Ash Wednesday: This is the first day of Lent, and it comes the day after Mardi Gras. (The 40-day period of penance and abstention is obviously preceded by a day called “Fat Tuesday.”) This takes place 46 days before Easter, according to the liturgical calendar, which normally falls in late February or early March. Catholics are expected to fast for the majority of the day, consuming only one meal. Most Catholics also go to an evening mass, where they receive a blessing from the priest, who marks them with a cross, drawn in ash on their forehead.
Lent: Lent, especially in the Catholic denomination, signifies the 40 days Jesus spent fasting in the desert, which can be found in the New Testament (Gospel). There are 46 total days during this period of time, but 6 are Sundays, and are traditionally excluded from the fast.
Traditionally, devotees might try to reaffirm their relationship with their faith by giving more to the church, praying more, or reading scriptures more regularly. These selfless, faith-driven acts were referred to as prayer, penance, almsgiving, and repentance. Many churches perform what’s called The Stations of the Cross on Fridays, where the faithful congregate around story carvings and read the story of Jesus’s struggle and crucifixion.

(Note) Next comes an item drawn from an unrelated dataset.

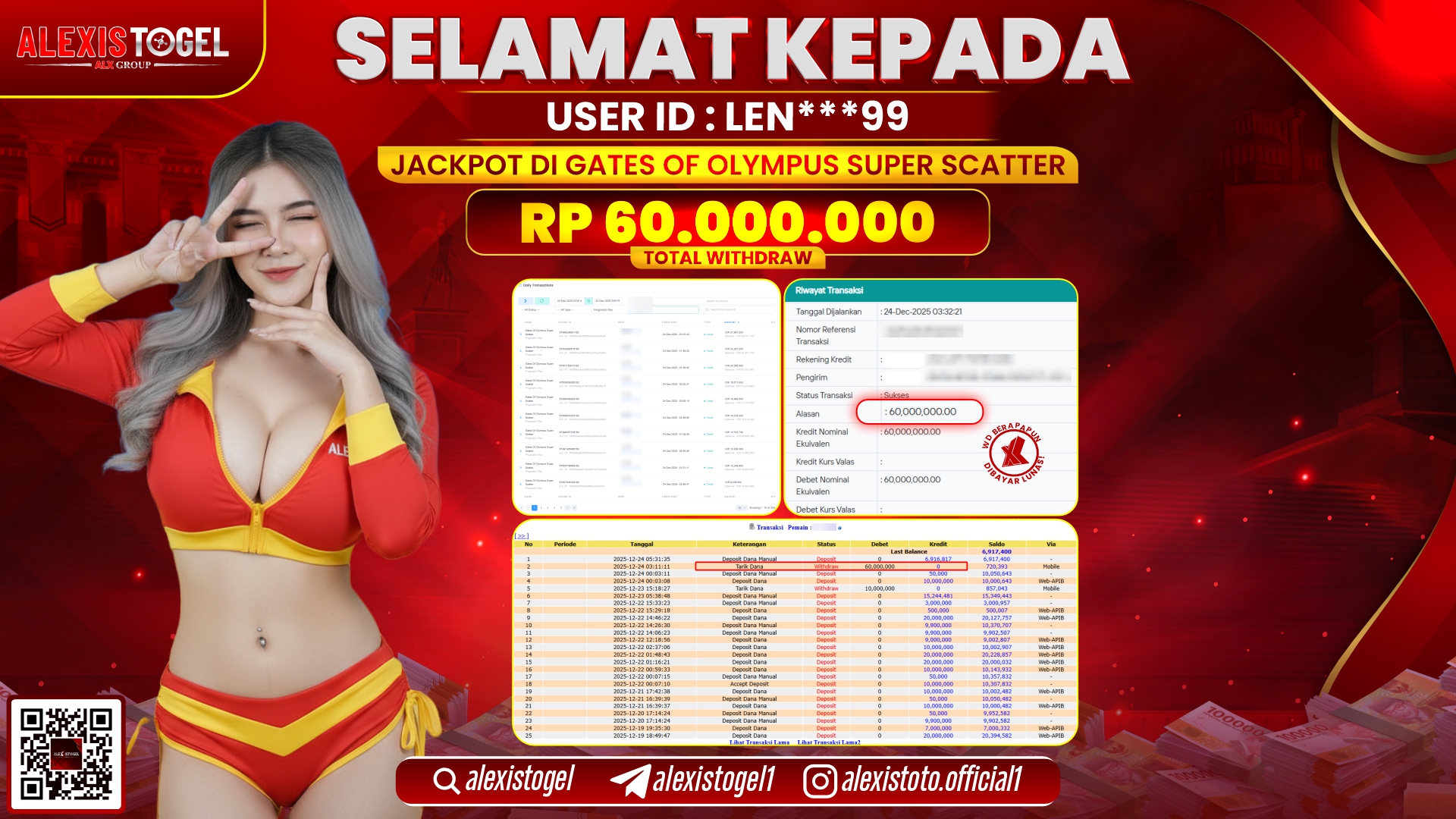 ALEXISTOGEL di SLOT GATES OF OLYMPUS SUPER SCATTER RP.60.000.000,- LUNAS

The main thing we learn about Lent nowadays is that Christians and Catholics give something up. While it used to be meat, it’s changed a lot in the last 10-20 years. Now, it is often looked at as a way to lose weight, and people commonly give up soda, chocolate, bread, cheese, or meat. Occasionally, some commit to one act of charity a day, or some other selfless or abstemious goal. Almost all give up meat on Fridays.
Palm Sunday: Palm Sunday occurs on the Sunday right before Easter and kicks off Holy Week. This is a feast day, which commemorates Jesus’s successful arrival in the city of Jerusalem. Sermons are often given outside. Many churches distribute palm leaves to represent the branches or palm leaves that were placed at Jesus’s feet upon his arrival. We’re talking the Roman equivalent of a red carpet here. Nowadays, most kids and churchgoers tie these Palm leaves into crosses.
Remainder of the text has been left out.